改選期の一般質問となりました。今回は11人もの議員が勇退されるという歴史的な改選となる見込みです。お世話になった先輩諸兄に心からの感謝と敬意を表します。ことに同期当選の島津議員が勇退されることは正直残念であり、小松議員とのトムとジェリーのようなケンカが見られなくなることに一抹の寂しさを感じます。
県議会から羽ばたかれる先輩諸兄に、高杉晋作の言葉を贈りたいと存じます。
「翼あらば 千里の外も飛めぐり よろづの国を 見んとぞおもふ」
地元にしっかりと足をつけつつ、日本全国、よろづの国を飛び回って知見を広め、県政発展に寄与されてきた先輩諸兄には、どうか今後ともその経験で我々をご指導下さい。
幕末とは違い、今は翼あるように世界を巡ることができ、ネットによって世界の情報が瞬時に得られるようになりました。
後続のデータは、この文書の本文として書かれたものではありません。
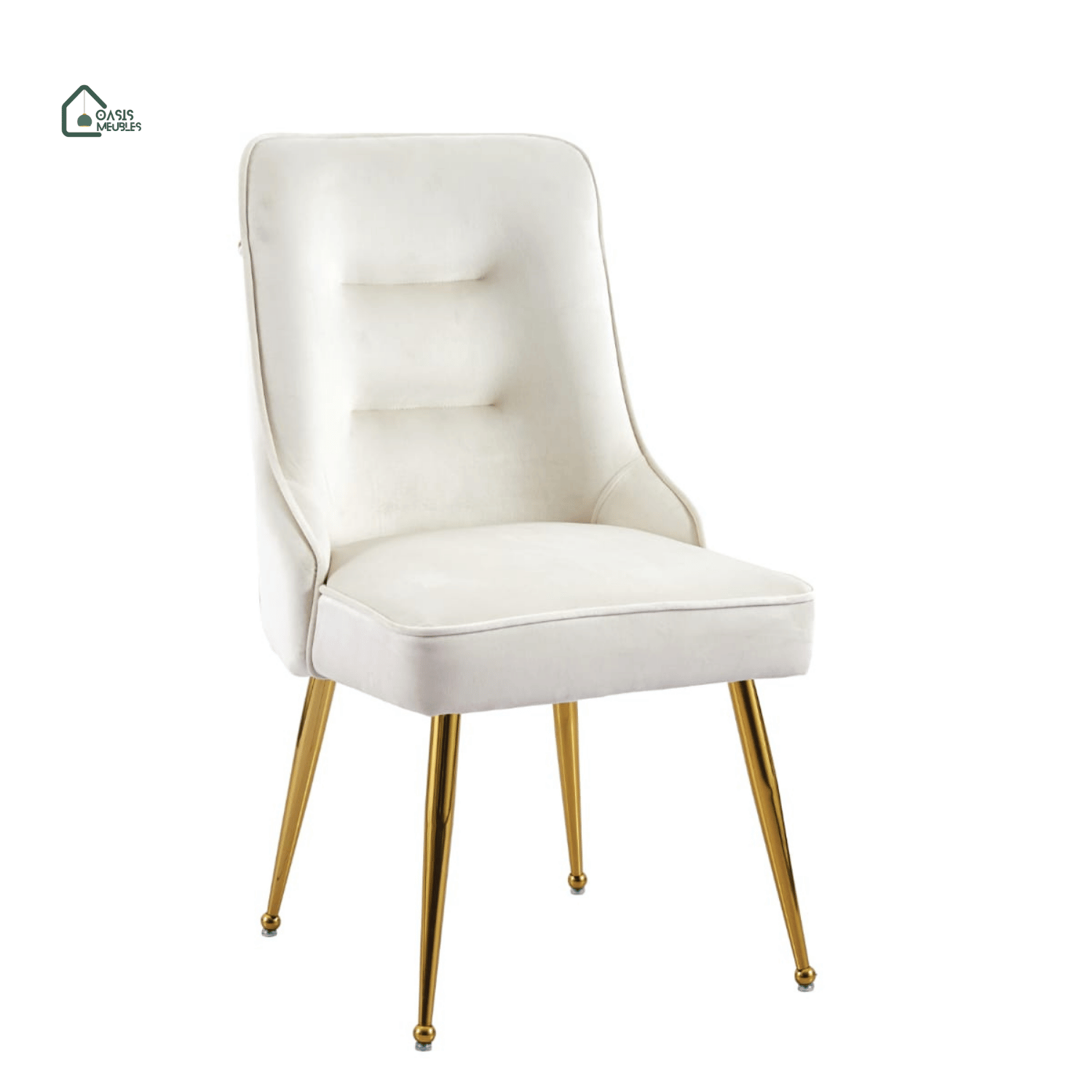 Chaise Zip Gold Velours Beige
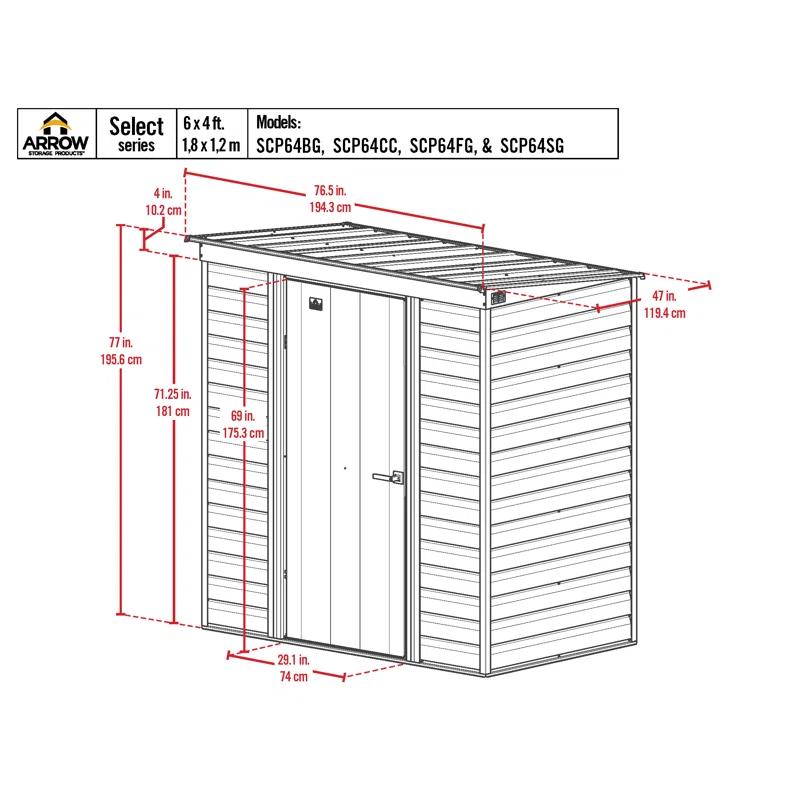 Arrow 6 ft. W x 4 ft. D Steel Horizontal Storage Shed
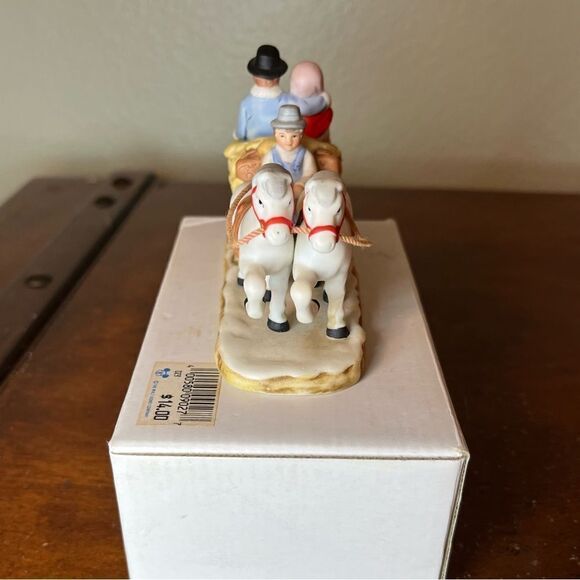 Disney Colonial Village Geo Z Lefton 1987 haywagon horse drawn carriage w/ box - Picture 4 of 9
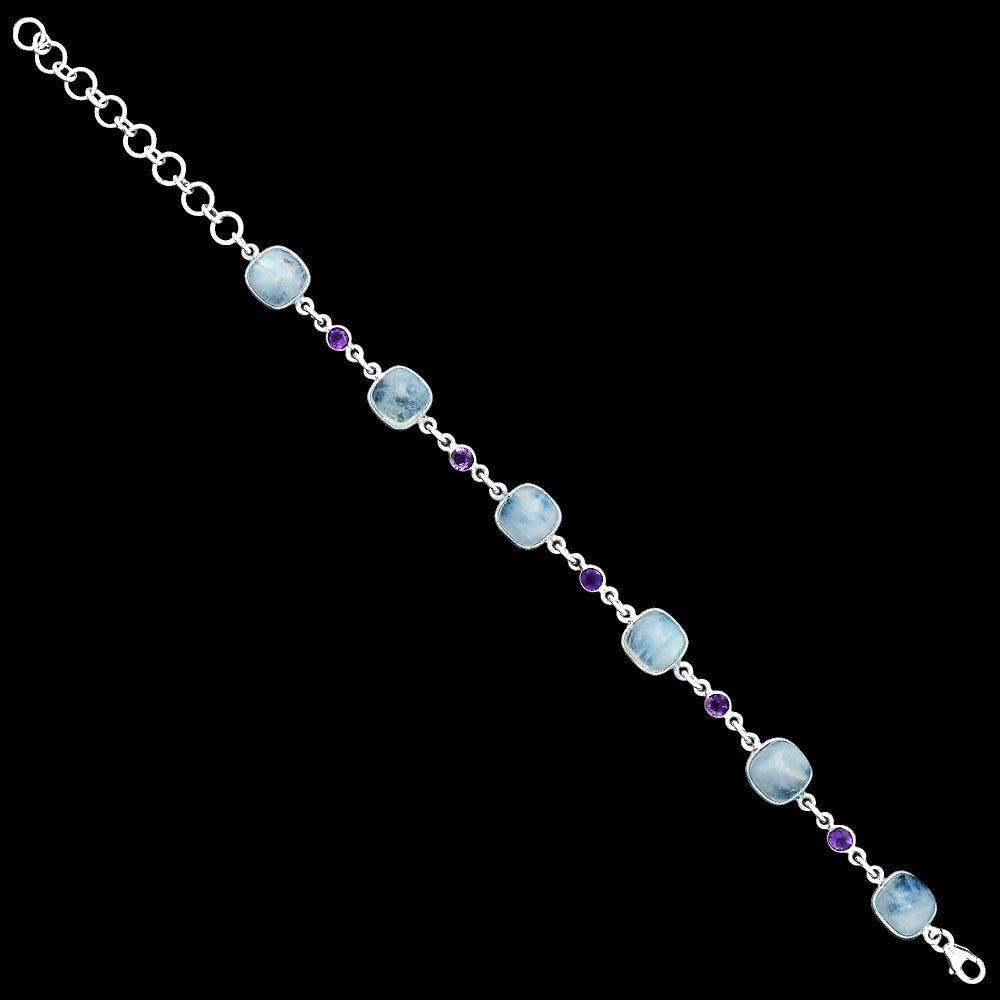 Premium Quality Rainbow Moonstone - India & Amethyst Bracelet B-1006 26-EB10139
そんな時代に生きる県議会議員として、残る我々後進も日本全国、あるいは世界という視点から山形を見て、先進事例について行かなければなりません。
今日は、日本全国の中の山形、世界の潮流の中の山形という広い視野から、山形県の赴く先を議論したく存じます。
1 幸福と真の豊かさを実感できる県への愛着醸成について
日本総研の2022年度都道府県幸福度ランキングで山形県は総合7位につけました。大変喜ばしいことであり、この件については12月議会でもいくつか質問がありました。しかし、その議論の中でもあったように、山形県民の主観的な幸福度のランキングは低い傾向にあります。ネット上にも、「山形県民だが幸福だと感じない」というような書き込みをいくつか見ました。ですが、客観的な指標から割り出した日本総研のランキングでは高順位にあるわけですから、なにも素直に喜べばいいと思いますし、誇りに思ってもらいたいという知事の言葉には全く同感です。
ただ、日本総研の指標については、よくわからない部分も多いのは確かです。国政選挙への投票率の高さが幸福度に繋がるのか、事業所新設率の低さはむしろ老舗が多いことの裏返しだから幸福度とは関係ないのでは、など、いろんな疑問も感じます。だからといって山形県7位が信じられないと言っているのではなく、幸福を感じる部分は人それぞれだ、ということです。子育て世代は子育て支援の手厚さに幸福を感じるでしょうし、高齢になれば高齢者福祉の充実を望むでしょう。客観的に幸福度を測ることは非常に困難なのです。そもそも行政が人の幸福感という領域まで踏み込めるのか、というところまで行ってしまいます。
だとしても、「主観的な幸福度が低いのは県民性だ」といってあきらめるのもまた違うでしょう。県民が幸福であり、この地に住みたいと思ってくれなければ、人口減少に歯止めはかけられません。県としては県民の幸福実感度が高くないという民間の調査結果を踏まえ、今年度幸福実感度に関する県政アンケートを実施し、調査研究を進めていくという答弁があったかと思いますが、そうした調査に基づいて今後の政策を考えていくことは正しい方向性だと思います。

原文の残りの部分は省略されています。